The matter is before us on defendants’ petition to open judgment. The facts are that on April 18, 1969, defendants executed a judgment note in favor of the Beneficial Consumer Discount Company (“Beneficial”) for $2,880 and judgment was entered thereon on April 21, 1969. On April 11, 1974, the judgment was revived in the amount of $1,848.43 by agreement and defendants’ real estate was released from the old judgment. On May 13, 1974, the judgment was assigned by Beneficial to plaintiff, the assignment being entered of record on June 3, 1974. *85Plaintiff executed on the judgment on June 3,1974, because defendants made no payments. Defendants’ petition to open the judgment was filed on August 21, 1974, on the grounds that they did not understand the ramifications of signing the original judgment note and the agreement to revive. They also claim that Beneficial promised not to execute on the revived judgment until defendant, Henry L. Hughes, Sr., obtained employment. They further allege that Beneficial violated the Federal Truth in Lending Act of May 29, 1968, P.L. 90-321, as amended, 82 Stat. 146, on the occasion of both the original judgment note and the agreement to revive. Finally, they seek the protection of Swarb v. Lennox, 314 F. Supp. 1091, (1970), affirmed 405 U.S. 191, 31 L. Ed. 2d 138, 92 S. Ct. 767, where the court held that, although cognovit provisions are not unconstitutional per se, after November 1, 1970, one who signs a consumer financing or leasing contract, i.e., a nonmortgage credit transaction, containing cognovit provisions, may open the judgment entered against him by confession under the cognovit provisions of the document if his annual income is less than $10,000 unless it is shown that at the time of executing the document the debtor intentionally, under standingly and voluntarily waived his known rights under Pennsylvania law, i.e., the right (1) to have prejudgment notice and hearing, (2) to have the burden of proof on the creditor; and (3) to avoid the expenses attendant upon opening or striking a confessed judgment.

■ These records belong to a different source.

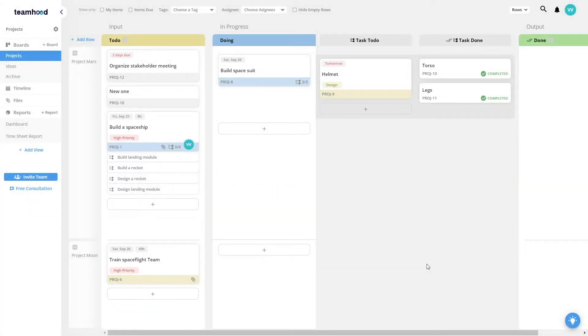Welcome to Teamhood. I will walk you through the key features of the Teamhood collaboration platform.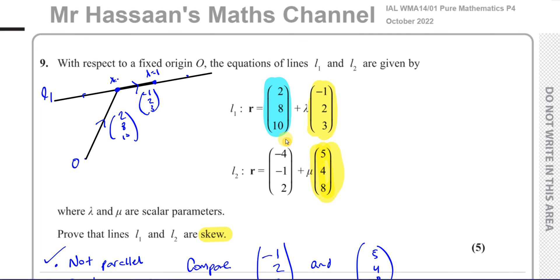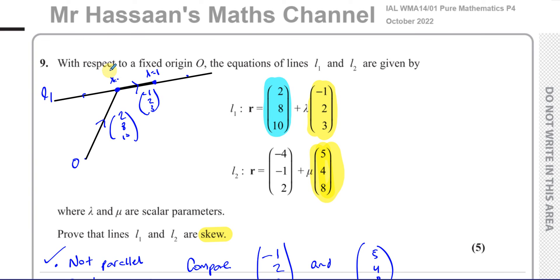That's the answer to question number 9 from this October 2022 paper. Other questions from this paper and from vectors in P4 can be found in the playlists shown on screen. You can subscribe to my channel using the link shown, and watch the guide video to help with your revision.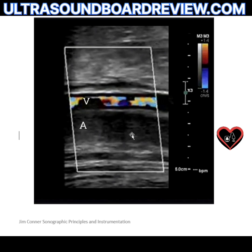How do you fix this image? Keep in mind: there's no color Doppler in the artery, but there is color Doppler in the vein with aliasing.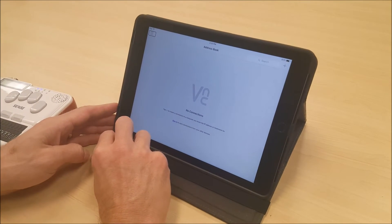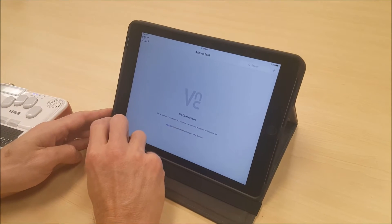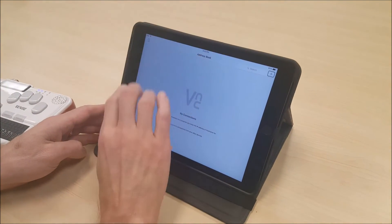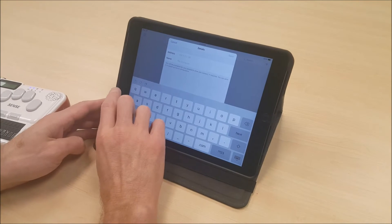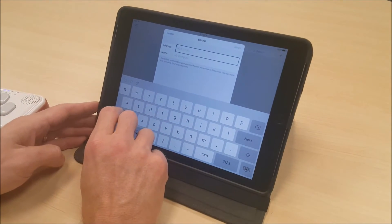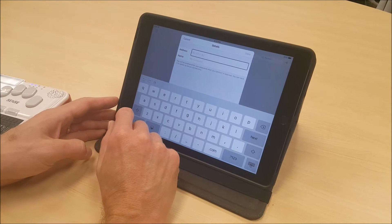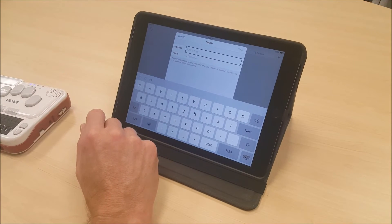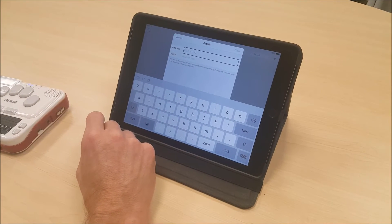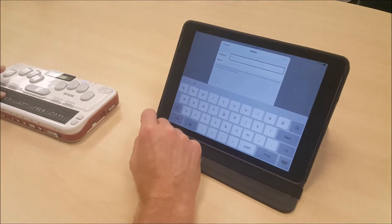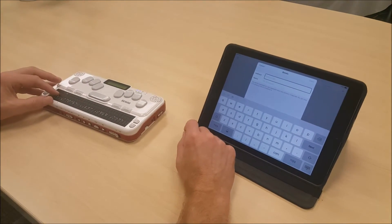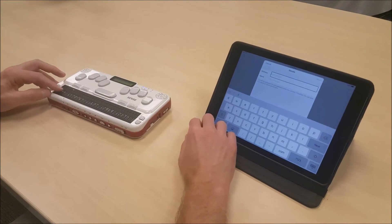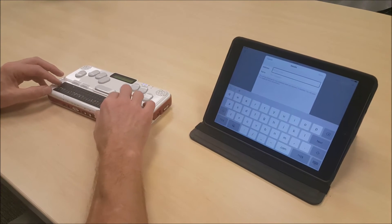Once I am in VNC Viewer, since I have not made a connection before, I am going to go to ADD CONNECTION. Now VNC Viewer needs some information from me — it needs to know the IP address that is on my BrailleSense. The IP address is Wi-Fi network specific, so if you use VNC mode with VNC Viewer on multiple Wi-Fi connections, you will need to set up multiple VNC Viewer connections on your iPad or other tablet.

The depositions of both defendants, the managers of the Household Finance Company (“Household”) and Beneficial and an official with the Redevelopment Authority of the City of York were taken. These show that defendants, who have respectively tenth and eighth grade educations, had over 30 *86years experience of borrowing from Beneficial and Household and signed judgment notes as a part of these transactions. In fact, defendants were indebted to Household on a judgment confessed on a note at the time the judgment was revived in this case. The finance company managers and the Rede velopmemt Authority official all testified that defendants were given a detailed explanation of all of their rights and obligations in connection with the notes they signed, the confessions of judgment thereon and any revival thereof. Although defendants contended that they understood only some of the detriments they incurred by these transactions (e. g., that the note would be alien against their real estate), we are satisfied from a review of the entire record that they had a sufficient understanding of all their rights and obligations when they entered into all of these financing transactions.
Even if this were not so, the judgment could still not be opened. It is still the law of Pennsylvania that before a judgment may be opened: (1) the petition to open must be promptly filed; (2) the default must be reasonably explained, and (3) a defense must be shown to exist on the merits: International Equity Corporation v. Pepper and Tanner, Inc., 222 Pa. Superior Ct., 118, 293 A. 2d 108(1972). In their depositions, defendants freely admit that they owe the debt to plaintiff and that they have no defense on the merits.
With respect to Beneficial’s alleged oral collateral agreement that there would be no execution on the judgment until defendant, Henry L. Hughes, Sr., obtained employment, defendant, Henry L. Hughes, Sr., admitted in his depositions that Beneficial never promised him to withhold execution until he found a job.
With regard to defendants’ argument that Bene*87ficial violated the Federal Truth in Lending Act, since defendants concede that the original note here in 1969 predated the act, it is obvious that there was no Truth in Lending Act in existence with which to be in compliance. Accordingly, we hold that the Federal Truth in Lending Act is not applicable to the revival of the judgment in 1974 after the act came into existence.
Lastly, since Swarb v. Lennox, supra, predates the original note in this case, it cannot apply to it. Moreover, this court has held, in an opinion by Blakey, J., filed on March 10, 1975, in AtlanticRichfield Company v. William A. Lane and Eveline H. Lane, October term, 1974, no. 475, that Swarb v. Lennox is not applicable to a revival of such a judgment after the effective date of Swarb v. Lennox.
In view of the foregoing, we enter the following
ORDER
And now, June 17, 1975, the rule heretofore entered against plaintiff to show cause why the judgment should not be opened is discharged and defendants’ petition to open said judgment is dismissed. An exception is granted to defendants.